**Exercise prompt:**
In the records below, begin at the line that has "Four women with" and stop after the line that has "Backyard featuring a"; quote those lines verbatim and nothing more.

*** Data excerpts ***

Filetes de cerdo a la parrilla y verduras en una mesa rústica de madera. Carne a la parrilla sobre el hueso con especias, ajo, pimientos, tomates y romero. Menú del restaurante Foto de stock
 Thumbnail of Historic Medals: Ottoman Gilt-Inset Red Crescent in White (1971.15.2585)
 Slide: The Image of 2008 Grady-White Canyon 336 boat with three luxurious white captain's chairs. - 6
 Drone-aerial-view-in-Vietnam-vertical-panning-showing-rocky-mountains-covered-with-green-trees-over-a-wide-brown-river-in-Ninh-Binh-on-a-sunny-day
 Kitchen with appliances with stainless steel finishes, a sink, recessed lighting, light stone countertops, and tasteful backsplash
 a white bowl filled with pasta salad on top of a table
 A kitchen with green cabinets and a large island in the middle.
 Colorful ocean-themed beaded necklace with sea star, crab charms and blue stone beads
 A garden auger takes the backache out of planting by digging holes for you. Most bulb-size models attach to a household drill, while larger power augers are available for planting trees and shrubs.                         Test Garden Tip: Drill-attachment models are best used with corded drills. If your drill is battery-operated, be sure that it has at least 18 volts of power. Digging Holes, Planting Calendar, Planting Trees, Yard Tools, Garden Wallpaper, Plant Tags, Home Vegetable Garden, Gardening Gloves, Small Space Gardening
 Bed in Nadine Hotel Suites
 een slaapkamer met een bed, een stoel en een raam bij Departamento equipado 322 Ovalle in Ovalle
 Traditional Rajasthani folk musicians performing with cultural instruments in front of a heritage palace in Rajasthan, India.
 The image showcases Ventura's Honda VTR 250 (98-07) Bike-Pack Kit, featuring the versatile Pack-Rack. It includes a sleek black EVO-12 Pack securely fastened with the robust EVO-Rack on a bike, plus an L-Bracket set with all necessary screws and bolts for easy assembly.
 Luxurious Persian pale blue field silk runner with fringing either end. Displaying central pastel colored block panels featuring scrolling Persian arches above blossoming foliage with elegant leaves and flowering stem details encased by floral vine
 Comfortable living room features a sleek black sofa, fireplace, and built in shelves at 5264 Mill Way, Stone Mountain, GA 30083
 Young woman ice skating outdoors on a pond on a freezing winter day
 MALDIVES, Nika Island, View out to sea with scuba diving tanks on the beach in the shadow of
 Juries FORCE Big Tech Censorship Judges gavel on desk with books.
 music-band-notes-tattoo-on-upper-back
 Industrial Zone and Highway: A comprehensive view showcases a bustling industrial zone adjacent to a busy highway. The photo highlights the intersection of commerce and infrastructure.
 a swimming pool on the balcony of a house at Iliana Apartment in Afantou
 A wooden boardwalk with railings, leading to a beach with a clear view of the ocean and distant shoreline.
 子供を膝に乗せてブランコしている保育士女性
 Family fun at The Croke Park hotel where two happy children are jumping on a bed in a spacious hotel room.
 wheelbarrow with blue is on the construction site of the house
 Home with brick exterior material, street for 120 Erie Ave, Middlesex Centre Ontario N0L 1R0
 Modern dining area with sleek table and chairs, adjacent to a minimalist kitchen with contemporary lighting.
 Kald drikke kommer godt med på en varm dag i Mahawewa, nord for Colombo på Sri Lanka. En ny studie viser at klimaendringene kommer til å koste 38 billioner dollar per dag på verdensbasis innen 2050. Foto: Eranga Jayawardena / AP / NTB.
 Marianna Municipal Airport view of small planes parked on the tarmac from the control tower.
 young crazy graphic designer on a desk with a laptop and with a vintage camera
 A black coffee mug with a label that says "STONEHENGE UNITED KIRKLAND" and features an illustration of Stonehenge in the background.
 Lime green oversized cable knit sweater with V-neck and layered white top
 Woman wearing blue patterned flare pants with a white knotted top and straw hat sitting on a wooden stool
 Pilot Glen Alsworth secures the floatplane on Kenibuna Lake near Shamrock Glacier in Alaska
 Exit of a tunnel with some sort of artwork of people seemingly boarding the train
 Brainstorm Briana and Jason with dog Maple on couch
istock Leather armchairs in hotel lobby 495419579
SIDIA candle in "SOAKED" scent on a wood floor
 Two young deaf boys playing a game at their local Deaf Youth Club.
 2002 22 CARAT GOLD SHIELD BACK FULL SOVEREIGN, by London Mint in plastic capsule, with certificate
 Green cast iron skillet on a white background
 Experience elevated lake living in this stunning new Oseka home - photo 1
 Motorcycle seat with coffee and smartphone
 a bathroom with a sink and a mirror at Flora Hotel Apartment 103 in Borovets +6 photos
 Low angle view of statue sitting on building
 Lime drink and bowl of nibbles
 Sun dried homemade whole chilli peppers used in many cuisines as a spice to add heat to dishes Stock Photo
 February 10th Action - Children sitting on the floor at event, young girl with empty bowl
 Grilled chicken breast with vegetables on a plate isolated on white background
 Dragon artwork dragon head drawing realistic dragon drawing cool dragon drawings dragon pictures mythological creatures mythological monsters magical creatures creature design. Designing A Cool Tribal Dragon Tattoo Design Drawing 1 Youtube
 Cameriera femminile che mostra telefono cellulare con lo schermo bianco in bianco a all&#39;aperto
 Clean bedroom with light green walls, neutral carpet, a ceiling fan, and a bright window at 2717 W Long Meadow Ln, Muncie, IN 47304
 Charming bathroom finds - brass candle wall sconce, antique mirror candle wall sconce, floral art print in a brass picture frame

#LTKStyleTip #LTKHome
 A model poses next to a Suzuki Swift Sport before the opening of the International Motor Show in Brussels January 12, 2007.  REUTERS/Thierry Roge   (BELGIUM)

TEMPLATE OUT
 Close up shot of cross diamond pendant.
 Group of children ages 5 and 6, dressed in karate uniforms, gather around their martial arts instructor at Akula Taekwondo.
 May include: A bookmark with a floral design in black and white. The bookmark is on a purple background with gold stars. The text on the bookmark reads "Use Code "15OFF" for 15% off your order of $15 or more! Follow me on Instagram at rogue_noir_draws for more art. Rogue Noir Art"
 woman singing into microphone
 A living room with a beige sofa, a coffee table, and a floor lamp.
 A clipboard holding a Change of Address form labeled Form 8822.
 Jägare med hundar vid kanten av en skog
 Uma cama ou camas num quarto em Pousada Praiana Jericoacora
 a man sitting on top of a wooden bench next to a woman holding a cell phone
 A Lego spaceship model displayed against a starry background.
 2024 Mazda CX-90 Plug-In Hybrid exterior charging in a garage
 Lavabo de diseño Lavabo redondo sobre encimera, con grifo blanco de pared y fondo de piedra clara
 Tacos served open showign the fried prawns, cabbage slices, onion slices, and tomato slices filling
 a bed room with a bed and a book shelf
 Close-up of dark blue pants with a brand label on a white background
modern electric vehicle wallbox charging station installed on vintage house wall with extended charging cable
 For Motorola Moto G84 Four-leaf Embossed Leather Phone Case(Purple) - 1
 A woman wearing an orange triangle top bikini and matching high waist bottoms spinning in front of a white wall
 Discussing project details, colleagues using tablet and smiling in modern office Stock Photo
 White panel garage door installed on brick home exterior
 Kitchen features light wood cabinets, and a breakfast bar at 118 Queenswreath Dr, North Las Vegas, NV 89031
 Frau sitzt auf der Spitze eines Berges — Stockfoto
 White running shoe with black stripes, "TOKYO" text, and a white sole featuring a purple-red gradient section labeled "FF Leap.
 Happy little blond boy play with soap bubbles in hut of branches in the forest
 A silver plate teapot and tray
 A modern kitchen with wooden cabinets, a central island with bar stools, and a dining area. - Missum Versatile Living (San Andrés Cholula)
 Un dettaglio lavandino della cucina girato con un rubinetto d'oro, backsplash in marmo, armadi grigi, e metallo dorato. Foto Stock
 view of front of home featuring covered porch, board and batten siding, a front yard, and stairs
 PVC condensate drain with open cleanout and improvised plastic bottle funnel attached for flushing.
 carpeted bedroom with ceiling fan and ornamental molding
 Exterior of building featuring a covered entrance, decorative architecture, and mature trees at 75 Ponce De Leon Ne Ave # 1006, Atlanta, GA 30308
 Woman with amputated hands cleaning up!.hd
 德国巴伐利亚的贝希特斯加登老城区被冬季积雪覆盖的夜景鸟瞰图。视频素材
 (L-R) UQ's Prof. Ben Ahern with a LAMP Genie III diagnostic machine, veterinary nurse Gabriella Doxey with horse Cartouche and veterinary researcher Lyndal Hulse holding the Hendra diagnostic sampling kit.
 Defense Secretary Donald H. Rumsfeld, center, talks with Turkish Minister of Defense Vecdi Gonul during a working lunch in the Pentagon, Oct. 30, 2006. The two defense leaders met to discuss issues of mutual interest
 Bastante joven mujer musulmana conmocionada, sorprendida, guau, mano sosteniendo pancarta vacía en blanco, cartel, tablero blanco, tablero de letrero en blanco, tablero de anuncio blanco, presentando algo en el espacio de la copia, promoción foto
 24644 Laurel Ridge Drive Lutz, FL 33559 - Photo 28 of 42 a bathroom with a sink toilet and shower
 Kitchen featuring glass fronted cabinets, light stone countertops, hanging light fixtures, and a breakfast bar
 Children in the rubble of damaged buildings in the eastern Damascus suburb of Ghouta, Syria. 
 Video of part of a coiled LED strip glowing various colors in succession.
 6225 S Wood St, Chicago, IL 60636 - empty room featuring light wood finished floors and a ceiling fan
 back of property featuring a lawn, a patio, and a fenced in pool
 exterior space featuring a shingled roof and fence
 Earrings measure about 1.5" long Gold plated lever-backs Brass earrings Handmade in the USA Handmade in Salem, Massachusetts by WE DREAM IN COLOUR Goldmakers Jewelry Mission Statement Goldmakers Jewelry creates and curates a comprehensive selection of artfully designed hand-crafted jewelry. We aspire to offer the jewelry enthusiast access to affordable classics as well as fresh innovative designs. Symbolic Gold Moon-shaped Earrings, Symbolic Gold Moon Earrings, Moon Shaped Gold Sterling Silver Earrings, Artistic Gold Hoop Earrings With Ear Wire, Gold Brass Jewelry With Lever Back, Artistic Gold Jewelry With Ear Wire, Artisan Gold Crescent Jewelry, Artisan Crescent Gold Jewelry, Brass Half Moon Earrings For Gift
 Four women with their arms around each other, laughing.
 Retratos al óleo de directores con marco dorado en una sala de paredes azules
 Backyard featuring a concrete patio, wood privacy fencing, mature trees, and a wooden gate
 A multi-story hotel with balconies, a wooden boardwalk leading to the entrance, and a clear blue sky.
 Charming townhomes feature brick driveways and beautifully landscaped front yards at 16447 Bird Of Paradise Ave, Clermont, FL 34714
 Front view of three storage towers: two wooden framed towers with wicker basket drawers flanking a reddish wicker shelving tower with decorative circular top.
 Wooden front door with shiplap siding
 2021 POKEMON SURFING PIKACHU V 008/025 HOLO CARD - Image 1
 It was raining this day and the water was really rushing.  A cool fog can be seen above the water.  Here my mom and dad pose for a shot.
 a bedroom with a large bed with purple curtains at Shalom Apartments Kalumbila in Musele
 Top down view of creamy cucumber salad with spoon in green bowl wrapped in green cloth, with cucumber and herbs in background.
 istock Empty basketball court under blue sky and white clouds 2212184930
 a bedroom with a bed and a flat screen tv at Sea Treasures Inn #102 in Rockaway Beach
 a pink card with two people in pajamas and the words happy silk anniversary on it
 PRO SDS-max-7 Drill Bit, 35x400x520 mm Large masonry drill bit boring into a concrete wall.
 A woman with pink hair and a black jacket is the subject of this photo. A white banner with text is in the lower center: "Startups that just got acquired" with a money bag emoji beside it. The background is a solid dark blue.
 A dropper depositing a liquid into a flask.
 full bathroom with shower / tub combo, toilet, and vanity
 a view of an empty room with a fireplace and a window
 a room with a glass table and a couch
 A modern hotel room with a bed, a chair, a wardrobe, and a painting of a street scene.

*** End of Data excerpts ***

**Exercise solution:**
 Four women with their arms around each other, laughing.
 Retratos al óleo de directores con marco dorado en una sala de paredes azules
 Backyard featuring a concrete patio, wood privacy fencing, mature trees, and a wooden gate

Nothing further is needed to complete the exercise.